What is needed – All lines in the records below from the line with "Invitrogen GALC Polyclonal" through the line with "Patient treated with" are to be given again exactly, both ends included; the pictures are to be left out.

Exercise materials –
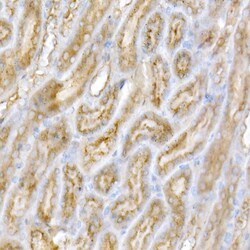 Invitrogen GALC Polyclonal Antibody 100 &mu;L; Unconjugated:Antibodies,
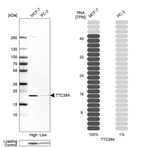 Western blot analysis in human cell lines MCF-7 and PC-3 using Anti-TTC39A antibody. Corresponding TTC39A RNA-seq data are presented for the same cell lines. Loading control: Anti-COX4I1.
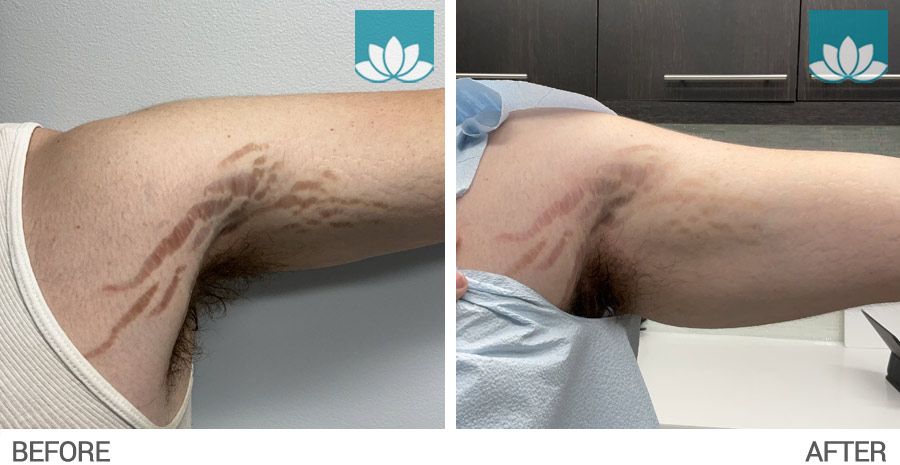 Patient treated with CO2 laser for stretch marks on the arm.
==
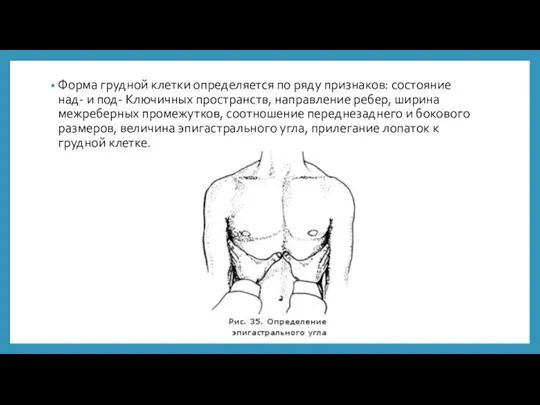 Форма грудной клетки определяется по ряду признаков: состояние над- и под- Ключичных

Task answer –
 Invitrogen GALC Polyclonal Antibody 100 &mu;L; Unconjugated:Antibodies,
 Western blot analysis in human cell lines MCF-7 and PC-3 using Anti-TTC39A antibody. Corresponding TTC39A RNA-seq data are presented for the same cell lines. Loading control: Anti-COX4I1.
 Patient treated with CO2 laser for stretch marks on the arm.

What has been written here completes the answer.